Saturday, March 21, 2020

NATIONAL LAMPOON’S ATTACK OF THE 5 FT. 2 WOMEN (1994) **


When Julie Brown wrote and co-directed this Showtime Original spoof of tabloid staples Tonya Harding and Lorena Bobbitt, it had a ripped-from-the-headlines feel to it.  Watching it now, with some distance from the real events, it probably plays better than it did when it was first released.  Recently, Harding’s life was dramatized in I, Tonya, and Bobbitt became the subject of an Amazon Prime documentary.  What’s fascinating is that Brown’s treatment of the events may seem crass, but they aren’t too far removed from what really happened.  (At least in the Harding segment.)  I guess truth really is stranger than fiction sometimes.  

Tonya:  The Battle of Wounded Knee (**) tells the story of a white trash ice skater named Tonya Hardly (Brown) who is tired of perpetually being a runner-up.  With her dumbass boyfriend and nitwit friend, they conspire to take out the competition, Nancy Cardigan (Khrystyne Haje from Head of the Class).  Predictably, things don’t go as planned.  

It’s been a while since I saw I, Tonya, but I swear there are some scenes in that movie that are identical to this one.  Sure, there are plenty of groan-inducing jokes, and at least one funny sight gag (Tonya using her ice skate to cut a pizza).  It’s just that it’s more fun to watch the “real” bits of the story creeping through the obvious jokes and comedic set pieces.  Brown is an actress I’ve always admired, even if her shtick is kind of thin, but she commits totally to the role and is fun to watch.  

Next, Richard (Vamp) Wenk directs He Never Gave Me Orgasm:  The Lenora Babbitt Story (**).  It finds Babbitt having a lunch meeting with an agent (Sam McMurray) to help jumpstart her career.  While eating, she relates the events that led her to severing her husband’s member.  
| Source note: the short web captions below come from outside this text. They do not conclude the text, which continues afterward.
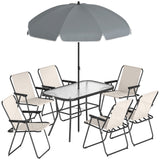 Steel 8 Piece Garden Dining Set With Parasol And 6 Folding Chairs - Velmora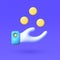 3d illustration with hand money 3d. Realistic vector render emoji. Dollar bill. 3d bill payment vector icon illustration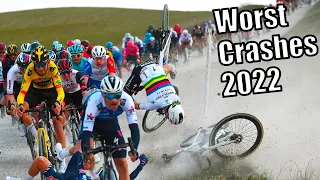 Top 10 Road Cycling Crashes 2022 Compilation | ft. Julian Alaphilippe, Primoz Roglic and Tesfatsion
The tone is a lot more over the top than the first segment.  The big joke here is that whenever “Lenora” walks by a man, they instinctively cross their legs.  In fact, the whole thing is essentially one long dick joke, and it wasn’t particularly funny to begin with.  The best Dick in the movie is Dick Miller, who plays the detective who leads the hunt for the lost member.  We also get bits by Priscilla Barnes and Vicki Lawrence (as herself), which compensate for the rest of the film’s… err… shortcomings.

Overall, this is about what you’d expect from a Made for Showtime National Lampoon’s movie from the ‘90s.  In fact, it plays more like an overlong Mad Magazine parody than anything.  Fans of Brown will enjoy seeing her gamely portraying two broad characterizations of tabloid queens, but that’s about where the fun stops.

Wenk later went on to write the modern classics The Expendables 2 and The Equalizer.